Kau terlambat kawan
Kau terlewat kasihan
pulang sempoyongan
dada sesak, tak karuan
ingin berteriak kencang tapi takut dikira orang kesurupan
ini bukan sedang pembacaan puisi kawan
ini kenyataan, bak terjangan ombak di lautan
terseok seok akibat sayatan
linglung mencari tempat pemberhentian
hingga akhirnya menemukan sandaran
meluapkan gerimis airmata kesunyian
sayangnya, sandaran itu berupa sepi dan kesakitan
di sebuah kamar petak, bersama cicak yang sedang mencari kawan
kau terlambat kawan
terlalu nyenyak jatuh dalam permainan
Hingga kau sadar
Impian mengarungi luas samudra lari menghilang
Sebab bahteramu kandas di awal keberangkatan
Kau terlambat kawan
Bahteramu bocor sejak lama
Hari ke hari sampai kau sendiri tak sadar
Lubang kecil itu siap menenggelamkanmu.

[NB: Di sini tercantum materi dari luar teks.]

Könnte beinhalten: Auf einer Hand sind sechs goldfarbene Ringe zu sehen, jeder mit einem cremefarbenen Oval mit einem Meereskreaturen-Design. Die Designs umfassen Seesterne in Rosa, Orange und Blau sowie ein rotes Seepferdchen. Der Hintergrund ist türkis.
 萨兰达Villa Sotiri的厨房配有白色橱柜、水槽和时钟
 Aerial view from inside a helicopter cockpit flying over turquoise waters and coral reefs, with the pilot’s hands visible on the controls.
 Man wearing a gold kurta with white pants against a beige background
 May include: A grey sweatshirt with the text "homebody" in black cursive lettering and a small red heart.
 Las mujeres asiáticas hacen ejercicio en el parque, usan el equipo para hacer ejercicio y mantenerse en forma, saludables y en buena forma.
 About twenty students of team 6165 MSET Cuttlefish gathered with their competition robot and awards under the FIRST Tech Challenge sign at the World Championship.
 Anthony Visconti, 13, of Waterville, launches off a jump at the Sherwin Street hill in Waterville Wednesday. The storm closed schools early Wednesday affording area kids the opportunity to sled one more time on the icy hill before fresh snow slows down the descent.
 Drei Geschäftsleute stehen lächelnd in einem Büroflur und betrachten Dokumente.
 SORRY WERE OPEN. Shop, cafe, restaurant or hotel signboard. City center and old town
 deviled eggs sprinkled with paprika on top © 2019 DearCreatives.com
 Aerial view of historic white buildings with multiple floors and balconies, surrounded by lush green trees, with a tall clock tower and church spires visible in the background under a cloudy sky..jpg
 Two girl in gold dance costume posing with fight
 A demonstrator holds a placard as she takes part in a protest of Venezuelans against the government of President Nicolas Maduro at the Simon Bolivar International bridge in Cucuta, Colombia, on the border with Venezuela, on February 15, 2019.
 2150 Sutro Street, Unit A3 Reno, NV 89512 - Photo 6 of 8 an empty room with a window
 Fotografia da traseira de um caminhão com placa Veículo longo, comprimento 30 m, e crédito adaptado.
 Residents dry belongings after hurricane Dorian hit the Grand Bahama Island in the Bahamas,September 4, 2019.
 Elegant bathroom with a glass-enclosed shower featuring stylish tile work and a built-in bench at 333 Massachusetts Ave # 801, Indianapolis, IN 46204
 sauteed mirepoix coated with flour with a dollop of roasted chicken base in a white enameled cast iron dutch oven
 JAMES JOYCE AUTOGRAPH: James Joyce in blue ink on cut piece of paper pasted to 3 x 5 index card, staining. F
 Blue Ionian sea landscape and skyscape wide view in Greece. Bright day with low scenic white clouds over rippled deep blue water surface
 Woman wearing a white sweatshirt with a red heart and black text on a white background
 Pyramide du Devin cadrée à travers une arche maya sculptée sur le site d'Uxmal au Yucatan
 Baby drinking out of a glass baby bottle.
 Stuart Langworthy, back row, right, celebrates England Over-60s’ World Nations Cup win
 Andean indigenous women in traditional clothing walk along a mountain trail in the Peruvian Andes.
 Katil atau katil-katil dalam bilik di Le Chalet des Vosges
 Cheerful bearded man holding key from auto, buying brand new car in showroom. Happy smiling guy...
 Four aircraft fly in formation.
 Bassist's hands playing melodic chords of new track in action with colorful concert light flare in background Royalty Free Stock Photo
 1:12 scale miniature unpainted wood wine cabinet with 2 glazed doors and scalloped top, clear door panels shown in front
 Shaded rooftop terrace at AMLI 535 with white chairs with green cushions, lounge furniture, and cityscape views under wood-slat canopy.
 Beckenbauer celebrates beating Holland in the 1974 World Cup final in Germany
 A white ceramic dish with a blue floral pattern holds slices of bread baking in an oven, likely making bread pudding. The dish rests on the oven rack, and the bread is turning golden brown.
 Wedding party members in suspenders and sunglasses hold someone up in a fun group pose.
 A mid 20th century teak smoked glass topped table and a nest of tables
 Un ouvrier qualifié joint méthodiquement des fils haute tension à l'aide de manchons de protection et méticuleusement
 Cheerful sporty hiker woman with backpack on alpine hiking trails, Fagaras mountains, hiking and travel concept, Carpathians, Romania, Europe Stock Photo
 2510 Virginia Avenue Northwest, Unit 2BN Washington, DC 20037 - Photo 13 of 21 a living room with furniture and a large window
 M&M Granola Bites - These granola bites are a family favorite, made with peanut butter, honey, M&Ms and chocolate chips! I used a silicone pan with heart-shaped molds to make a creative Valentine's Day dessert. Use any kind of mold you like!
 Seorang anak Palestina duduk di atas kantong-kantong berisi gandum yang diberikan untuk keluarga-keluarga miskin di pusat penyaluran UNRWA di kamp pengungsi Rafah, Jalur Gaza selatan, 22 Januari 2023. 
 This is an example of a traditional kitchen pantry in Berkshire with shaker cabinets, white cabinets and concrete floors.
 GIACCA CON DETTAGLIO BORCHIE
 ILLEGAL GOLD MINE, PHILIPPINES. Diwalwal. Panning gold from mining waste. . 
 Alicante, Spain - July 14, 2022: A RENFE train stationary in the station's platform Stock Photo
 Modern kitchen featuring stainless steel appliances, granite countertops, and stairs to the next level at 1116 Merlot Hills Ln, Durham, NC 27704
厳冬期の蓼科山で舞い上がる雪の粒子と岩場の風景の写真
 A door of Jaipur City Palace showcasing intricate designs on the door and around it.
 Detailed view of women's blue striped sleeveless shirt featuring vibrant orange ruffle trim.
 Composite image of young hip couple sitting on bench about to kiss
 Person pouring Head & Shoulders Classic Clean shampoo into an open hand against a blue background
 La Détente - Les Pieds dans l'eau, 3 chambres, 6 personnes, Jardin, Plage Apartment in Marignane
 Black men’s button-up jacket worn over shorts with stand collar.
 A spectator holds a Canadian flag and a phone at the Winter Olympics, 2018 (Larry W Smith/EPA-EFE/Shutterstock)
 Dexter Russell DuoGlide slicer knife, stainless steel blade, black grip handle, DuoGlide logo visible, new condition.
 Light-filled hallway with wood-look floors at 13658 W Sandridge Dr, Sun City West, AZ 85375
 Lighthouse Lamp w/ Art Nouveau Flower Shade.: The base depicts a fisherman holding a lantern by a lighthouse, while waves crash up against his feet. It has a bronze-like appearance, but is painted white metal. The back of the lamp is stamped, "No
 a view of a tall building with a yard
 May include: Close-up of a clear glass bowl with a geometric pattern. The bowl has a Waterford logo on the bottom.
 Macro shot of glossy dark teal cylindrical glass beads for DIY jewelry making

Seperti hari ini.
Dan kau sudah terlambat..
Selalu ada harga yang harus dibayar
Sekalipun itu sesuatu kecil perbuatan
Tapi jika terus dilakukan akan membutuhkan bayaran yang besar
Ketika terjadi, kau merasa hampa dan mencoba meratapi dengan “Andai saja..”
Kapuk, dalam sepetak kamar.
anonymous said:
Mengarungi samudra luas bukan perkara mudah. mengapa tidak kau kokohkan bahteramu dg caramu sendiri, hingga akhirnya ia mampu mengarungi samudra itu?
Nice poet, btw!
SukaSuka
quentin15 said:
Aku mencoba, tapi telat sudah. Kubangan akibat lubang kecil sudah memenuhi geladak. Dan itu karena aku. Apa masih ada kesempatan? Apa masih ada tempat bersandar utk si nahkoda bercerita?